START MATERIAL PROVIDED

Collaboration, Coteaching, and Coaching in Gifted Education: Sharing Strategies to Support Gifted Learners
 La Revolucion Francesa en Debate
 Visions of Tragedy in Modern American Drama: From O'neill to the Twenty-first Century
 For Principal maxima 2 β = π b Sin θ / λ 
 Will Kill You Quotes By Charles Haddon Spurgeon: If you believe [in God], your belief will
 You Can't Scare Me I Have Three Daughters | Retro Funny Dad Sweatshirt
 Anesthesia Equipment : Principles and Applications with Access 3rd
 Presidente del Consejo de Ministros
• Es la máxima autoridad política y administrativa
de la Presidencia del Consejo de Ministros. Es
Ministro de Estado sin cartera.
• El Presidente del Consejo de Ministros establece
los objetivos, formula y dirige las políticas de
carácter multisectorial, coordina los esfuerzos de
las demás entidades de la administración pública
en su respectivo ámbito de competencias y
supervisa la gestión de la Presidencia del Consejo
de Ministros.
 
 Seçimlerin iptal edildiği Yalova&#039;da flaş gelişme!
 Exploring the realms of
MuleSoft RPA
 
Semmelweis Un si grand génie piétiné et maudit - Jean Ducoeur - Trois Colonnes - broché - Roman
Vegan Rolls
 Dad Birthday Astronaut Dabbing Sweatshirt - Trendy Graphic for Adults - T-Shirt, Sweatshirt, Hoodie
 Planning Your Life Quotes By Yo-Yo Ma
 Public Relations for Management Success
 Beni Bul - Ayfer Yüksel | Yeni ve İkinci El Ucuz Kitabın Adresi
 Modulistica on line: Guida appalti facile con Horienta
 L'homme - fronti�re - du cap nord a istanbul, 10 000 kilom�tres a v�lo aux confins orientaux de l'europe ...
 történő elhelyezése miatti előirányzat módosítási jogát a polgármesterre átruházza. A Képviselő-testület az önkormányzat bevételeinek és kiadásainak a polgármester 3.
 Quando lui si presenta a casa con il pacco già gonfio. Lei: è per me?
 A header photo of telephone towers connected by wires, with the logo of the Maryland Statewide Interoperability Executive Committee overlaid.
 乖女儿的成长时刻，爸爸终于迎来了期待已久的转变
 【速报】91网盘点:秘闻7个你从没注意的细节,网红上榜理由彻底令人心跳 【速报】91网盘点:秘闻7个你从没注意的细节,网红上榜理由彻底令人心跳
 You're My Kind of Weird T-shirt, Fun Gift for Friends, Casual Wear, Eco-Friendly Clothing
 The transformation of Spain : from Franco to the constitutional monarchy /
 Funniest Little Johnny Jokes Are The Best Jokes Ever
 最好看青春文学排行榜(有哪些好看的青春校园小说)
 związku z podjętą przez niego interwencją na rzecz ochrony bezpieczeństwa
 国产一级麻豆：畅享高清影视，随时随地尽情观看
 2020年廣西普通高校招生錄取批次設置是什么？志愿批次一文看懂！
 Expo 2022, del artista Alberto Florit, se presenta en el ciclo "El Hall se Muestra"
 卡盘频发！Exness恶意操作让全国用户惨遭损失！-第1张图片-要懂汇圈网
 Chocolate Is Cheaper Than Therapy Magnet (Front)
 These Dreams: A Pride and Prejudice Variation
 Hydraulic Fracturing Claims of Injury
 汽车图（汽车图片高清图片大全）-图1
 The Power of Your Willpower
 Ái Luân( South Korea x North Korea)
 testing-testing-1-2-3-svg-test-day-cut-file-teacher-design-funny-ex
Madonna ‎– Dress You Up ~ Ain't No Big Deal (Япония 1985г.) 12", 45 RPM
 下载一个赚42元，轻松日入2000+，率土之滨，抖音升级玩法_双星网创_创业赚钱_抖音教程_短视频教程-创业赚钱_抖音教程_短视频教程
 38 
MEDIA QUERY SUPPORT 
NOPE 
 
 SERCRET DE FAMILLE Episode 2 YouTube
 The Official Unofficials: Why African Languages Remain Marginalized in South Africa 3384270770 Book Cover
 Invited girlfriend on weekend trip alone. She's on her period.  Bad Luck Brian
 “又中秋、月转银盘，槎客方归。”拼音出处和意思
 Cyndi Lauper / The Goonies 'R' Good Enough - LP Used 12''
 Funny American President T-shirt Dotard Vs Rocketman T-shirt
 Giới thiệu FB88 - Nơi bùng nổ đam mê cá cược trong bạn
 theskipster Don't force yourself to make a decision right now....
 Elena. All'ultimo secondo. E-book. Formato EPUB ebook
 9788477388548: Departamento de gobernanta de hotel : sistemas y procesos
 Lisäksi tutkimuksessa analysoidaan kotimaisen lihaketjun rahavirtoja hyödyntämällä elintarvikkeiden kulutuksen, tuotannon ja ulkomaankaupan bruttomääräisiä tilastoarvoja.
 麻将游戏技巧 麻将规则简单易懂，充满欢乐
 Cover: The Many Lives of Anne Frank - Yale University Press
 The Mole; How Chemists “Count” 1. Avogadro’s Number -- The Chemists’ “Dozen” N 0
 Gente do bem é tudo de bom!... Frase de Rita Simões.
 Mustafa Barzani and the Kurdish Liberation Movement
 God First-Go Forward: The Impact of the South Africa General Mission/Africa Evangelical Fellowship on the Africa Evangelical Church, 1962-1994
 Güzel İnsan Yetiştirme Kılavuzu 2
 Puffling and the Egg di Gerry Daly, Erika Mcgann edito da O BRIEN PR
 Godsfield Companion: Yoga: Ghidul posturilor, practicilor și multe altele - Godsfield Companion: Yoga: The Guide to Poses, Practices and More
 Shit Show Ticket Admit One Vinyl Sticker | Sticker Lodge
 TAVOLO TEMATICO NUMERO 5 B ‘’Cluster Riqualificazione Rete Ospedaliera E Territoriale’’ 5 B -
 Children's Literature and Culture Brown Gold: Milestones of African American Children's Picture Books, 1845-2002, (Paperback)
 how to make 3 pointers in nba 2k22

END MATERIAL PROVIDED

## WHAT TO PRODUCE
If a line in the records above contains "Presidente", copy that line.

## EXERCISE ANSWER
 Presidente del Consejo de Ministros
• El Presidente del Consejo de Ministros establece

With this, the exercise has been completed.